- _Exercise brief_
The records below are to be reproduced word for word.
-*-*-
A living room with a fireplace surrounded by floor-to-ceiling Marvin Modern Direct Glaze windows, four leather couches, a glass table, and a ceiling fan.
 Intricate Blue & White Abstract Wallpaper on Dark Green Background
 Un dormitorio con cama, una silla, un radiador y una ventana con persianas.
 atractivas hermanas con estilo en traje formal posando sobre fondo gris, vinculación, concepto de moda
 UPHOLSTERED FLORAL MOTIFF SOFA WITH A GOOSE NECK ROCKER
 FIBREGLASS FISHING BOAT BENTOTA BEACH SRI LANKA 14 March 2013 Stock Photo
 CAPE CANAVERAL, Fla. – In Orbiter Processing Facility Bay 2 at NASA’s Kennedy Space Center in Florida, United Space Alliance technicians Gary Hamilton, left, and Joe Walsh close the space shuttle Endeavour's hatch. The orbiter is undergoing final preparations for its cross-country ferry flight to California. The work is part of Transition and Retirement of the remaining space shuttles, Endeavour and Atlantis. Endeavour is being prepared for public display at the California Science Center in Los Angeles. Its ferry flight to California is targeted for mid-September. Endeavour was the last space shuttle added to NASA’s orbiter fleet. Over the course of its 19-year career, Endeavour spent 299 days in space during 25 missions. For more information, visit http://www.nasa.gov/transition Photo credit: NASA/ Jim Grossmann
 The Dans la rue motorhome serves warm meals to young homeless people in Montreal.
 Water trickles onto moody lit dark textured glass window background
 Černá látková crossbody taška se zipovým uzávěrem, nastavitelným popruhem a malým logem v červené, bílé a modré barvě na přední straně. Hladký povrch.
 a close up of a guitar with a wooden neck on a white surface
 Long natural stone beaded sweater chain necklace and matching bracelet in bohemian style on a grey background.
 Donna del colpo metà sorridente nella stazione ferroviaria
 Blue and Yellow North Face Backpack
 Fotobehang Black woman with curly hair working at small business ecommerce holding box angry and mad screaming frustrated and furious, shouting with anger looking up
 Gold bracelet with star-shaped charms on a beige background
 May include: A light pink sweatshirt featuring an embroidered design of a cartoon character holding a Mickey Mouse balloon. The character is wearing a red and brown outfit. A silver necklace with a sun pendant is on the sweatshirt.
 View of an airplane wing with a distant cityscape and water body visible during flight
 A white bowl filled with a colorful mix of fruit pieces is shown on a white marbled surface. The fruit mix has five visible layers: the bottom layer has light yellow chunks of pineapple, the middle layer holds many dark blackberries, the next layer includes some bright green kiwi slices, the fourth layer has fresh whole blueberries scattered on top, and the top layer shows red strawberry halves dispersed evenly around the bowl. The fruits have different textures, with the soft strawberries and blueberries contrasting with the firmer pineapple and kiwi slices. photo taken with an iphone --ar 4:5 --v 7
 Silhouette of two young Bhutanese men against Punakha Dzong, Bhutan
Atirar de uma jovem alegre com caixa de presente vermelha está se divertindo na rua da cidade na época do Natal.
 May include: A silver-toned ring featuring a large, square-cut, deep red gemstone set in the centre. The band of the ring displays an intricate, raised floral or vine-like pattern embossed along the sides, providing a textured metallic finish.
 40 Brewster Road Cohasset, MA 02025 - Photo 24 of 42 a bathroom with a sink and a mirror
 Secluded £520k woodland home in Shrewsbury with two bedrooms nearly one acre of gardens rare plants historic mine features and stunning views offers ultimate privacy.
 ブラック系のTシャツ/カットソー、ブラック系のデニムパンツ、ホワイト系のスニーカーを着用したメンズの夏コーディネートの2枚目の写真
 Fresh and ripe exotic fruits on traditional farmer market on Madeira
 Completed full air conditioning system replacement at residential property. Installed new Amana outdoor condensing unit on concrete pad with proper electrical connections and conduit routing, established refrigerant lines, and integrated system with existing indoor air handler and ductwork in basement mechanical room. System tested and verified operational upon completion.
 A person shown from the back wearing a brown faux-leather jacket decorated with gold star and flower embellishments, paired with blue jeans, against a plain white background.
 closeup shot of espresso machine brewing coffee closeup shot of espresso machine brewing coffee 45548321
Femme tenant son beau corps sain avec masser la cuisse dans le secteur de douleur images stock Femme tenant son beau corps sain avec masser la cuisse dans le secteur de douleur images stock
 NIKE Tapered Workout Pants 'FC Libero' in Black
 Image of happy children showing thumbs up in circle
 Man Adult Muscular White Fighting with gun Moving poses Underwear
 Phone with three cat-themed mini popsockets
-*-*-
- _Reply_
A living room with a fireplace surrounded by floor-to-ceiling Marvin Modern Direct Glaze windows, four leather couches, a glass table, and a ceiling fan.
 Intricate Blue & White Abstract Wallpaper on Dark Green Background
 Un dormitorio con cama, una silla, un radiador y una ventana con persianas.
 atractivas hermanas con estilo en traje formal posando sobre fondo gris, vinculación, concepto de moda
 UPHOLSTERED FLORAL MOTIFF SOFA WITH A GOOSE NECK ROCKER
 FIBREGLASS FISHING BOAT BENTOTA BEACH SRI LANKA 14 March 2013 Stock Photo
 CAPE CANAVERAL, Fla. – In Orbiter Processing Facility Bay 2 at NASA’s Kennedy Space Center in Florida, United Space Alliance technicians Gary Hamilton, left, and Joe Walsh close the space shuttle Endeavour's hatch. The orbiter is undergoing final preparations for its cross-country ferry flight to California. The work is part of Transition and Retirement of the remaining space shuttles, Endeavour and Atlantis. Endeavour is being prepared for public display at the California Science Center in Los Angeles. Its ferry flight to California is targeted for mid-September. Endeavour was the last space shuttle added to NASA’s orbiter fleet. Over the course of its 19-year career, Endeavour spent 299 days in space during 25 missions. For more information, visit http://www.nasa.gov/transition Photo credit: NASA/ Jim Grossmann
 The Dans la rue motorhome serves warm meals to young homeless people in Montreal.
 Water trickles onto moody lit dark textured glass window background
 Černá látková crossbody taška se zipovým uzávěrem, nastavitelným popruhem a malým logem v červené, bílé a modré barvě na přední straně. Hladký povrch.
 a close up of a guitar with a wooden neck on a white surface
 Long natural stone beaded sweater chain necklace and matching bracelet in bohemian style on a grey background.
 Donna del colpo metà sorridente nella stazione ferroviaria
 Blue and Yellow North Face Backpack
 Fotobehang Black woman with curly hair working at small business ecommerce holding box angry and mad screaming frustrated and furious, shouting with anger looking up
 Gold bracelet with star-shaped charms on a beige background
 May include: A light pink sweatshirt featuring an embroidered design of a cartoon character holding a Mickey Mouse balloon. The character is wearing a red and brown outfit. A silver necklace with a sun pendant is on the sweatshirt.
 View of an airplane wing with a distant cityscape and water body visible during flight
 A white bowl filled with a colorful mix of fruit pieces is shown on a white marbled surface. The fruit mix has five visible layers: the bottom layer has light yellow chunks of pineapple, the middle layer holds many dark blackberries, the next layer includes some bright green kiwi slices, the fourth layer has fresh whole blueberries scattered on top, and the top layer shows red strawberry halves dispersed evenly around the bowl. The fruits have different textures, with the soft strawberries and blueberries contrasting with the firmer pineapple and kiwi slices. photo taken with an iphone --ar 4:5 --v 7
 Silhouette of two young Bhutanese men against Punakha Dzong, Bhutan
Atirar de uma jovem alegre com caixa de presente vermelha está se divertindo na rua da cidade na época do Natal.
 May include: A silver-toned ring featuring a large, square-cut, deep red gemstone set in the centre. The band of the ring displays an intricate, raised floral or vine-like pattern embossed along the sides, providing a textured metallic finish.
 40 Brewster Road Cohasset, MA 02025 - Photo 24 of 42 a bathroom with a sink and a mirror
 Secluded £520k woodland home in Shrewsbury with two bedrooms nearly one acre of gardens rare plants historic mine features and stunning views offers ultimate privacy.
 ブラック系のTシャツ/カットソー、ブラック系のデニムパンツ、ホワイト系のスニーカーを着用したメンズの夏コーディネートの2枚目の写真
 Fresh and ripe exotic fruits on traditional farmer market on Madeira
 Completed full air conditioning system replacement at residential property. Installed new Amana outdoor condensing unit on concrete pad with proper electrical connections and conduit routing, established refrigerant lines, and integrated system with existing indoor air handler and ductwork in basement mechanical room. System tested and verified operational upon completion.
 A person shown from the back wearing a brown faux-leather jacket decorated with gold star and flower embellishments, paired with blue jeans, against a plain white background.
 closeup shot of espresso machine brewing coffee closeup shot of espresso machine brewing coffee 45548321
Femme tenant son beau corps sain avec masser la cuisse dans le secteur de douleur images stock Femme tenant son beau corps sain avec masser la cuisse dans le secteur de douleur images stock
 NIKE Tapered Workout Pants 'FC Libero' in Black
 Image of happy children showing thumbs up in circle
 Man Adult Muscular White Fighting with gun Moving poses Underwear
 Phone with three cat-themed mini popsockets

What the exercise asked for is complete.